The sections that will be of particular interests to Korean visitors showcase the artist’s works inspired by Seoul and haenyeo, the indigenous female divers of Jeju who have been added to Unesco’s list of Intangible Cultural Heritage.
“I love to work in Seoul and see how it changes so fast, especially the architecture,” Armisen said. “You [Seoul] are the best host to me and I also like the fact that you are proud of your own culture and are eager to show that culture to people coming from outside.”
Some of her paintings centering on Seoul and haenyeo include Armisen and her sister happily eating hansik, Korean food, and a pair of haenyeo coming out of the sea with a net filled with the day’s yields.
Haenyeo have long been an important part of Armisen’s work. Since learning about them by chance while reading a magazine, she became fascinated by their courage, independence, and most importantly, honesty. She helped promote director Ko Hee-young’s “Breathing Underwater” (2016), a documentary showing the life of haenyeo, and illustrated the 2017 children’s storybook, “My Mom is a Haenyeo,” also written by Ko.
“[After spending time with a group of haenyeo], I realized the values they have are the most important values for me. They have strong independence, are really proud of what they do and have a connection with nature.” Armisen added, “They fight against greed and ambition, and are aware of how deep they can dive.
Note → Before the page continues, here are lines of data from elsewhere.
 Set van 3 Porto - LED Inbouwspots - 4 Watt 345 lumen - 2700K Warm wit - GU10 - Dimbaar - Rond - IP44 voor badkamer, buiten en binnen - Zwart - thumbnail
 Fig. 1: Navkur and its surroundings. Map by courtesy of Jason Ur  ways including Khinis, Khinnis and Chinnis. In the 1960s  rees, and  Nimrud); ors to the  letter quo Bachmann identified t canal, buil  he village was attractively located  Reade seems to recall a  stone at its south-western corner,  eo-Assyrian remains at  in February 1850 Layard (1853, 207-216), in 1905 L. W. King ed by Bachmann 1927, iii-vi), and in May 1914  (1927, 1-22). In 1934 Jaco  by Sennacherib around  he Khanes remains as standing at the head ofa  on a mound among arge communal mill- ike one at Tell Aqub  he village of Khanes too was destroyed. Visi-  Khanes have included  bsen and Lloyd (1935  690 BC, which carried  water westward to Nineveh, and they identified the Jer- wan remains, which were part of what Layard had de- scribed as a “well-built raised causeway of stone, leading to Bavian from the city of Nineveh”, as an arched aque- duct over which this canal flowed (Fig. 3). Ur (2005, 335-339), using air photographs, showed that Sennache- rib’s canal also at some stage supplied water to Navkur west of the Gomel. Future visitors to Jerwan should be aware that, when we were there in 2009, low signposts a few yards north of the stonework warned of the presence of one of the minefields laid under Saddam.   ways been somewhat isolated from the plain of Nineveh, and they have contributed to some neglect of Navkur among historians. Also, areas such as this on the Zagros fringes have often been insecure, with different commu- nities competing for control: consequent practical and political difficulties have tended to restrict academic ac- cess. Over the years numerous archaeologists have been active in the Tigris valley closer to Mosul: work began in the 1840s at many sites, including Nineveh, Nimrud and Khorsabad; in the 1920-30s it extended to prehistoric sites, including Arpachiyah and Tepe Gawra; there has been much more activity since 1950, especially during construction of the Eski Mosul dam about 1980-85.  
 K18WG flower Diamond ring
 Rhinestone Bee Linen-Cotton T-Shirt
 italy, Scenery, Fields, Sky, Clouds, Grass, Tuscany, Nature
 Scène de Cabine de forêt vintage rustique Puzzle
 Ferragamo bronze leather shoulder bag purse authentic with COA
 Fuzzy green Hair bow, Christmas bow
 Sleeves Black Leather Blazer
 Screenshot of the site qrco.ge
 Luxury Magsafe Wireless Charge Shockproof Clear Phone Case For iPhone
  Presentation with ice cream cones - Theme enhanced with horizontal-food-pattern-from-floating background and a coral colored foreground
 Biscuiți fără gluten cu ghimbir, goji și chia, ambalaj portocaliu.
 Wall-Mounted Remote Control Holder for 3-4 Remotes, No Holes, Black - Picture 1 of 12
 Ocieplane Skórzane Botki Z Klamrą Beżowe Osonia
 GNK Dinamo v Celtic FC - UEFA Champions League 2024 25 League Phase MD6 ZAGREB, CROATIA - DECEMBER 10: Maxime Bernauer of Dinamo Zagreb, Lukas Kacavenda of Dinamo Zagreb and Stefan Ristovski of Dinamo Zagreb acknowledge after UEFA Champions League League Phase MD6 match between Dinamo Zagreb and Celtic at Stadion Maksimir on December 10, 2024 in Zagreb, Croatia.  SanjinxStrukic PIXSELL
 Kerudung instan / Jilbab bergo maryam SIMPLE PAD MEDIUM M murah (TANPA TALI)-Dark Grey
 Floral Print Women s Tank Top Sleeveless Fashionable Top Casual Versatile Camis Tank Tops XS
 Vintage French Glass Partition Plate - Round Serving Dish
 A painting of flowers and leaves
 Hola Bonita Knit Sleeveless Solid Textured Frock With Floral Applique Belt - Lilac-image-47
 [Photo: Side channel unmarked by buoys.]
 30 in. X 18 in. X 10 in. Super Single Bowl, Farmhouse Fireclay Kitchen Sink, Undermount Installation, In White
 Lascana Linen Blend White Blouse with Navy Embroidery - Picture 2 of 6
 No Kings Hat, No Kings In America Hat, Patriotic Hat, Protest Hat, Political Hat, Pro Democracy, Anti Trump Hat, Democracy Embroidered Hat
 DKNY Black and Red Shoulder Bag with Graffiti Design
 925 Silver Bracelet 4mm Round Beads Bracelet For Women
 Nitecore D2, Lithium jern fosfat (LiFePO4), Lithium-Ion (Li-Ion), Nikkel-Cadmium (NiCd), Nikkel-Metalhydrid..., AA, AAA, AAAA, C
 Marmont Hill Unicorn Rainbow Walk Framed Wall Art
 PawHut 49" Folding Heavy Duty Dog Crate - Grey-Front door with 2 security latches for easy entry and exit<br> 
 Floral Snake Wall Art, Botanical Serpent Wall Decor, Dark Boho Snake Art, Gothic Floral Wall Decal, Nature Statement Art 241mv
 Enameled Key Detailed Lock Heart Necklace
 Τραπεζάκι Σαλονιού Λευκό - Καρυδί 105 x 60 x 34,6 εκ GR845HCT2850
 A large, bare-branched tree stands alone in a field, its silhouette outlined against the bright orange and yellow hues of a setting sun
These women also communicate generation to generation, [teach younger women how to dive], survive and live life. I found that so beautiful.”
Ahead of the opening of her exhibition, the Korea JoongAng Daily met with the artist to discuss her artworks and the reasons they are particularly adored by Koreans. The following are edited excerpts.
A. For me, home has two meanings. The first is painting. I can go back to it every time I need shelter. Painting helps me express my feelings and feel complete. The second means invitation. I want people to feel [welcome] to the exhibition like it’s a home. The exhibition features many years of my work from as early as 1995, and I hope visitors discover new layers [of my art] as well as see the evolution of my work.
Many of your paintings revolve around the theme of family, love and nature. What is your biggest inspiration?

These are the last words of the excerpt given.